CORVALLIS, Ore. – It is estimated that over 5,000 people have died in the Philippines from Typhoon Haiyan and that over 3 million people have been displaced from their homes, and a cultural group at Oregon State University is doing what they can to help those in need.
“I’m originally from Aklan in the Philippines,” said OSU student Roberto Garcia. “And it is in the middle area where the typhoon hit in the Visayas region.”
Garcia says Aklan is still his home; he is just temporarily living in Corvallis while he studies at OSU. When he originally heard about Typhoon Haiyan, Garcia says he wasn’t worried.
“We get a lot of typhoons just because of the geographical location,” he said. “But once I started seeing all the pictures and videos people were posting online, I started to worry.”
He immediately tried calling his parents, but it took over 24 hours before he got a response.
“It wouldn’t even ring,” he said. “It would go straight to voicemail. Or the operator would just say ‘unavailable service.’ So it was nerve-wracking! I can’t lie, I was scared for the worst.”
Weeks later, the storm is over, Garcia’s family is safe, but his hometown has been destroyed.
The Filipino cultural group on campus, Isang Bansung Pilipino (IBP), which means one nation of Filipino, decided to fundraise for the victims of the storm.
“Today is our lumpia and musubi fundraiser,” said IBP group member Leah Segui. “And this is to raise funds for the victims of Typhoon Haiyan. Being Filipino is being part of this bigger family. So even though I myself may not have been affected by it, I’m still a part of this bigger community.

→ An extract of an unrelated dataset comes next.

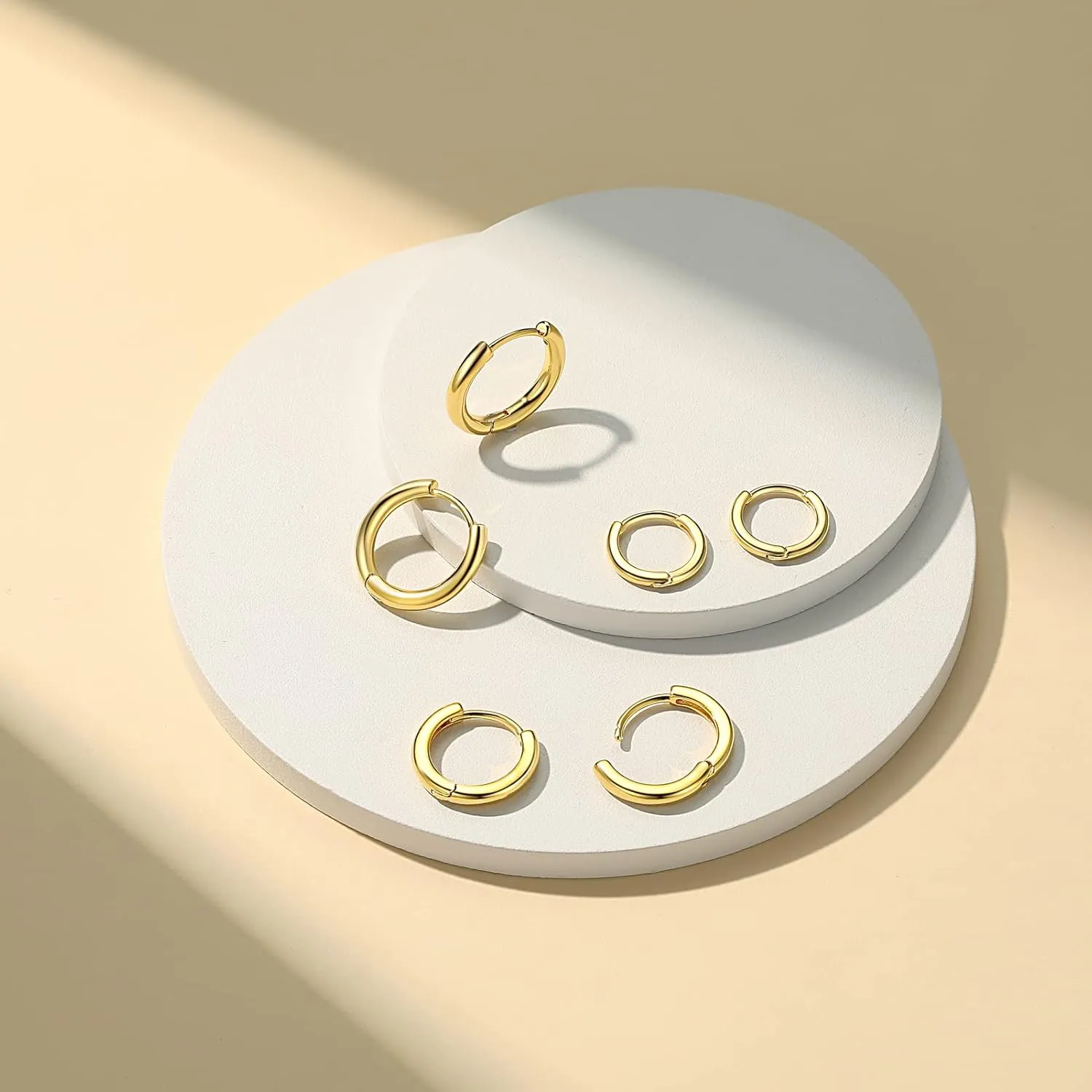 Stud and Hoop Earrings Set for Women 18K Gold Filled CZ Small Ball Studs Huggie Earrings Hypoallergenic Cartilage Earring Sets for Multiple Piercing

And that’s why IBP has come together to help those back at home.”
Garcia, Segui, and the rest of their group stirred up lumpia, a type of eggroll that can have meat, veggies, or bananas inside. They also made spam musubi, a Hawaiian snack food. They sold the goodies on campus on Monday.

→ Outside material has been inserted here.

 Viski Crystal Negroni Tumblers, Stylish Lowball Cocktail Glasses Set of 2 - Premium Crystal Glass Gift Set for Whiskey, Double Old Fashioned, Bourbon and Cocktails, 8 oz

“It’s really heartbreaking to hear about all these tragedies that are happening around the world,” said OSU student Jenna Sullivan who purchased some lumpias. “And it’s hard to be here and be busy and not have too much of a way to help. But it’s really nice when people put in the effort and the energy to create these outlets for people like me to put a little bit of money it. And it’s a win-win because the food is delicious.”

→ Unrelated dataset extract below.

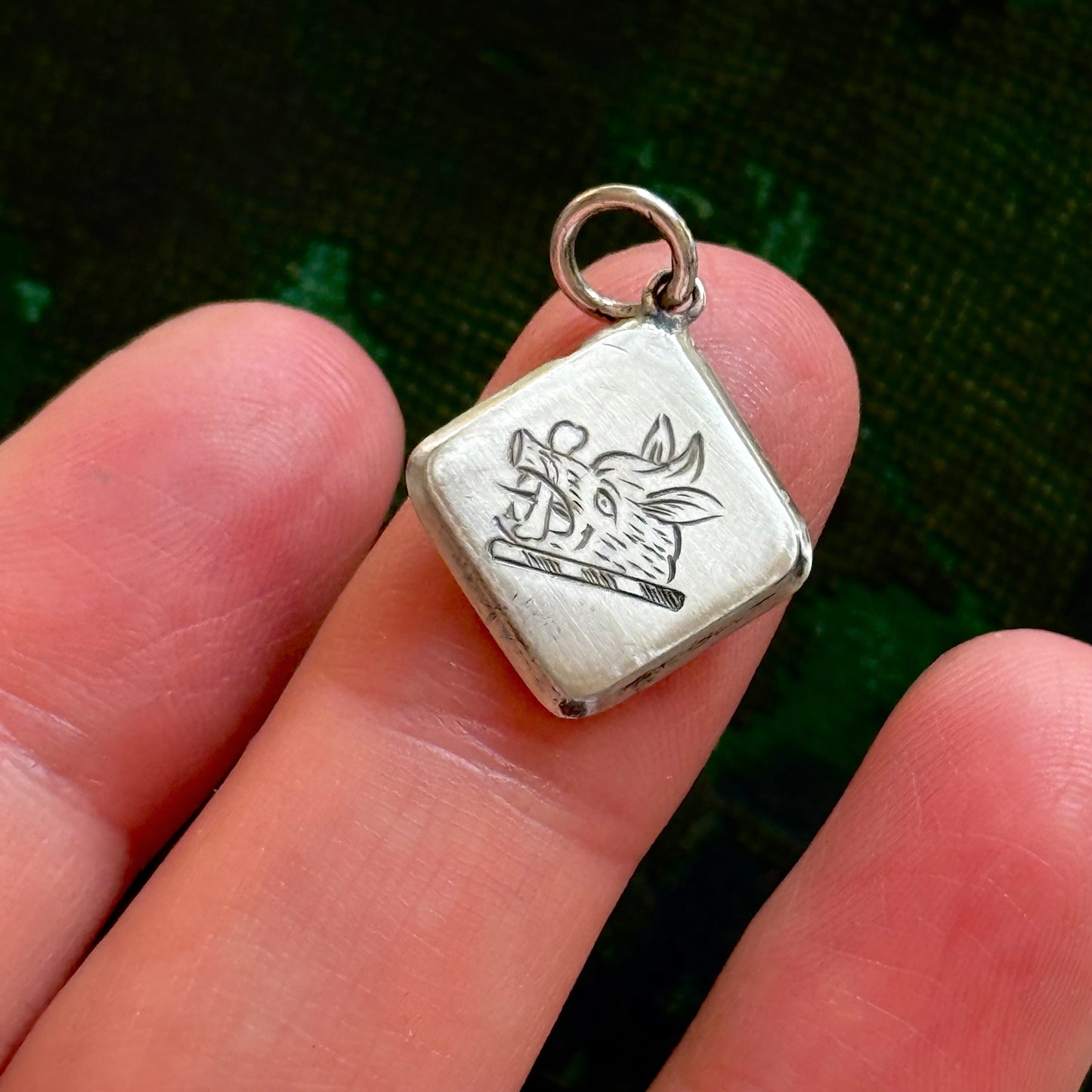 Antique Scottish Silver Heraldic Boar Pendant in Silver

The IBP had a presale of about $1,000. But once they subtract their expenses, Garcia thinks they will make about $600.
Group members were originally going to hold the fundraiser to raise money for their own activities. But once the typhoon hit, members wanted to do their part to help the victims in the Philippines.
“They need it the most,” Segui said. “These are people who have been displaced. They don’t have any food or water or any place to live. And so the little bit that we could provide today I hope could go a long way for them.”
The group is still accepting donations until the end of the week. Those who would like to donate can message the IBP administrators on their Facebook page available at: http://www.facebook.com/groups/560548097302393/
All the money IBP raises will go to Kiwanis International in Garcia’s hometown. The group says it chose Kiwanis because it will receive a rundown of what is done with the money.